The Red Lake Nation has begun the work of drawing up a proposed new constitution with broad support among the citizens. Native Nation Rebuilder Justin Beaulieu (Cohort 2) is coordinating the effort. Many tribal constitutions were dictated to tribes by the federal government in the 1930s. These old constitutions, says Beaulieu, were intended to provide a business model of decision-making, not a democratic, transparent and accountable system to serve the citizens. That is why he believes the Red Lake Nation constitution, which was adopted in 1918 and revised in 1958, is inadequate and why tribal leaders decided to consider constitutional reform. “Our constitution is very open to interpretation,” said Beaulieu. Under the current structure, “whoever’s in power at whatever time can do whatever they need to get their agenda across. It’s written to run a business. But we’re not a business; we’re a nation. We’re worried about our land base. We’re worried about our future.  We’re worried about our language. We’re worried about our children. And our constitution doesn’t speak to any of that. None of it talks about our tradition, our culture, our language, our historical leaders or our land and how important it is to us—our land and our water. It’s just how to run a business.”

Ironically, the instability and unpredictably of tribal governments operating under such loose rules has stifled economic investment on many reservations.  Investors worry about the long term when few long-term safeguards are in place. The flawed structure is the trouble, Beaulieu says—not the leaders, but the laws. “How are you supposed to take care of the tribe and move it forward when you have to worry about how much workers get paid and you only meet once a month?”

And there are obstacles to reform that are very real and fairly universal — like people’s concern “about whether they are going to have shoes for the kids, or heat in their house during the winter,” Beaulieu says. “The first step is to educate people about what a constitution is.”

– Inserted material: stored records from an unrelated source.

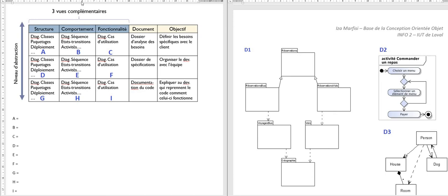Hi students! Today in this video I'm going to correct exercise 2 from lab session 5. I'm correcting it because many of you made mistakes and I want to make sure that you've understood how the exercise works.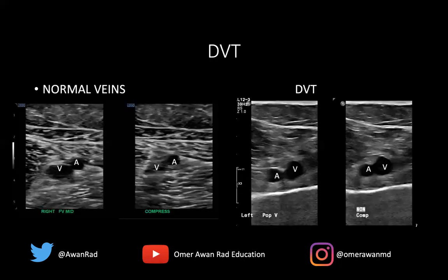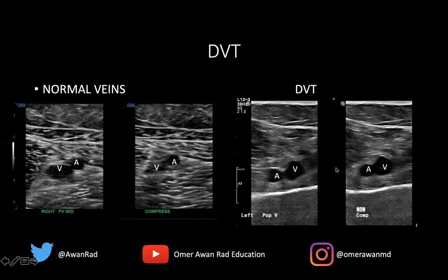Here's what a DVT looks like on ultrasound. On the left side of the image, we have a normal ultrasound exam — this happens to be the right mid-femoral vein. These dark black areas are the vessels; they're ovoid because the probe is transverse to the patient. This is the subcutaneous fat, this is the muscular layer, and we have the vessels here. The vein tends to be bigger than the artery. This is the femoral vein, and this is the femoral artery.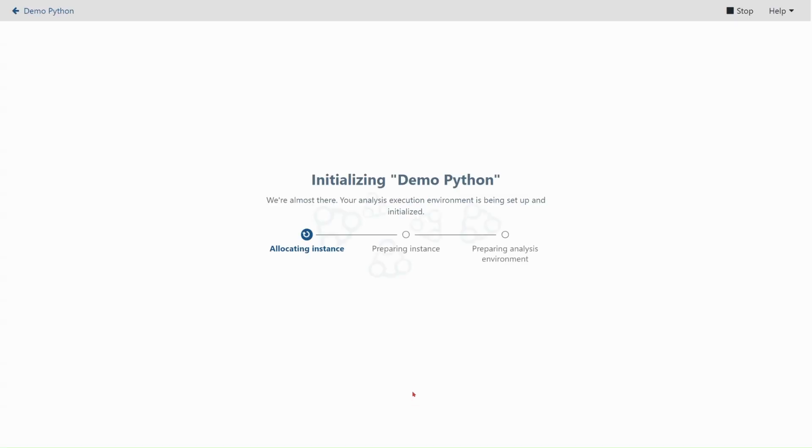After clicking start, the environment needs time to initialize. This can sometimes take three minutes. So we will use the magic of video editing to speed through this.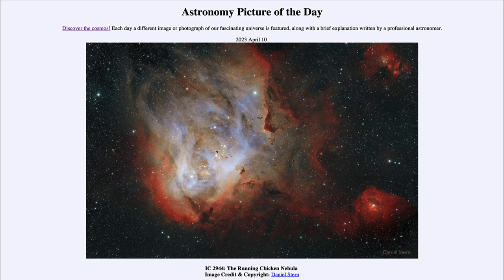So that was our picture of the day for April 10th of 2023 — IC 2944, the Running Chicken Nebula. We'll be back again tomorrow for the next picture. Until then, have a great day everyone, and I will see you in class.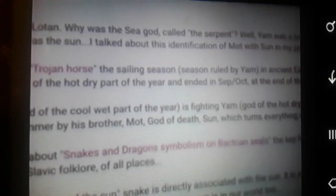So the sun has rays, and the rays are represented by the serpents.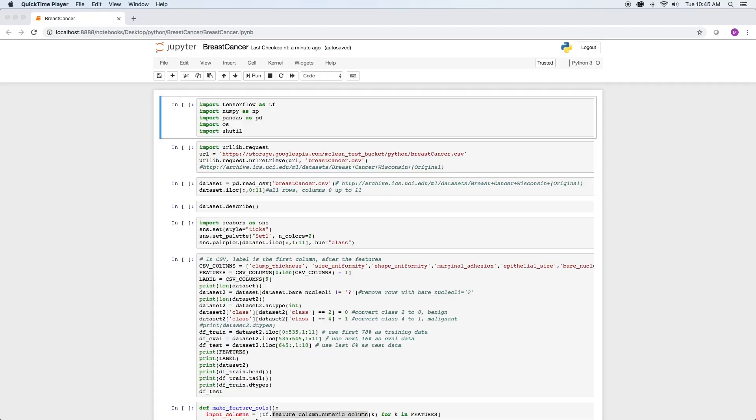First, let's load the libraries we will use. TensorFlow is the machine learning framework we will use to build our neural network. Seaborn is a statistical data visualization library, which we are going to use to plot pairs of features.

On that front, Red Lake has a website and Facebook page for the reform effort, in addition to holding community forums and meet-and-greets. At these meetings, Beaulieu and his colleagues in the reform effort attempt to allay fears that reform might open the way for the reservation to sell any of its 867,000 acres of land or open world-famous Red Lake to outside fishing. Those things aren’t going to happen, he says, and constitutional reform will actually help protect the tribe’s resources.